====== DATA SHOWN ======
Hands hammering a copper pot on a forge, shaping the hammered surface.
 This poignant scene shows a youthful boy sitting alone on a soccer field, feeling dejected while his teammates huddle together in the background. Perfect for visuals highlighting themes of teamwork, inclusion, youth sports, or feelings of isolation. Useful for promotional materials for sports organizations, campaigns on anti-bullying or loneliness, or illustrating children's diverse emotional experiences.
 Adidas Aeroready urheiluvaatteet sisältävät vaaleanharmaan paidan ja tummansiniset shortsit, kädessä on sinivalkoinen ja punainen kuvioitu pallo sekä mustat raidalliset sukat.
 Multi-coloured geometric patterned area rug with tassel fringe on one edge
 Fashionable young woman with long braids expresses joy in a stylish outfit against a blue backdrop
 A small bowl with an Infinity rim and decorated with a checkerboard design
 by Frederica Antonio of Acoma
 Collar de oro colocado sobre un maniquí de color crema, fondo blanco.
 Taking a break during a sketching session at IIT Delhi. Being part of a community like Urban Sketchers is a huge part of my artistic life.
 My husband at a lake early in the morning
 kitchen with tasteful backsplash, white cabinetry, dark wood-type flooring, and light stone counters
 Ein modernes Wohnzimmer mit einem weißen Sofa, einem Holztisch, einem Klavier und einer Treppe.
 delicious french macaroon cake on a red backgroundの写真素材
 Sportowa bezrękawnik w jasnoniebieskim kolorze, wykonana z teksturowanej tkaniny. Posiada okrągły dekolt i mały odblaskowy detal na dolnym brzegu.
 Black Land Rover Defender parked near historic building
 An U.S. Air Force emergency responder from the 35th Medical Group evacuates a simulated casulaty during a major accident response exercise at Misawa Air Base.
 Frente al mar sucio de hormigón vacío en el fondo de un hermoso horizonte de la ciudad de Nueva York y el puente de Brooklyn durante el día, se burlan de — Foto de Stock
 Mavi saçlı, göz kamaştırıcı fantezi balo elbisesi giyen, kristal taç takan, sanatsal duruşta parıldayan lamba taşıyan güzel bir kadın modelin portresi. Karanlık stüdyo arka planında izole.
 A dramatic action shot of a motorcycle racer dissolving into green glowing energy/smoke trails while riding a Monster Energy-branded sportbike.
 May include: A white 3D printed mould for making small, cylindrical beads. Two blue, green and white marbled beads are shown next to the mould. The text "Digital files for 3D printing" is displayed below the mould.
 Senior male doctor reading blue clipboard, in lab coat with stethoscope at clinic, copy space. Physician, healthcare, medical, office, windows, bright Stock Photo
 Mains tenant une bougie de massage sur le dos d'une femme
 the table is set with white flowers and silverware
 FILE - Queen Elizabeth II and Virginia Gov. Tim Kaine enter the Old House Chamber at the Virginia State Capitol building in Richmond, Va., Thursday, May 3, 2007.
======
TRY IT: This exercise calls for the lines from the one holding "Mavi saçlı, göz" through the end of the entries, transcribed exactly and with nothing more.

PROBLEM SOLUTION:
 Mavi saçlı, göz kamaştırıcı fantezi balo elbisesi giyen, kristal taç takan, sanatsal duruşta parıldayan lamba taşıyan güzel bir kadın modelin portresi. Karanlık stüdyo arka planında izole.
 A dramatic action shot of a motorcycle racer dissolving into green glowing energy/smoke trails while riding a Monster Energy-branded sportbike.
 May include: A white 3D printed mould for making small, cylindrical beads. Two blue, green and white marbled beads are shown next to the mould. The text "Digital files for 3D printing" is displayed below the mould.
 Senior male doctor reading blue clipboard, in lab coat with stethoscope at clinic, copy space. Physician, healthcare, medical, office, windows, bright Stock Photo
 Mains tenant une bougie de massage sur le dos d'une femme
 the table is set with white flowers and silverware
 FILE - Queen Elizabeth II and Virginia Gov. Tim Kaine enter the Old House Chamber at the Virginia State Capitol building in Richmond, Va., Thursday, May 3, 2007.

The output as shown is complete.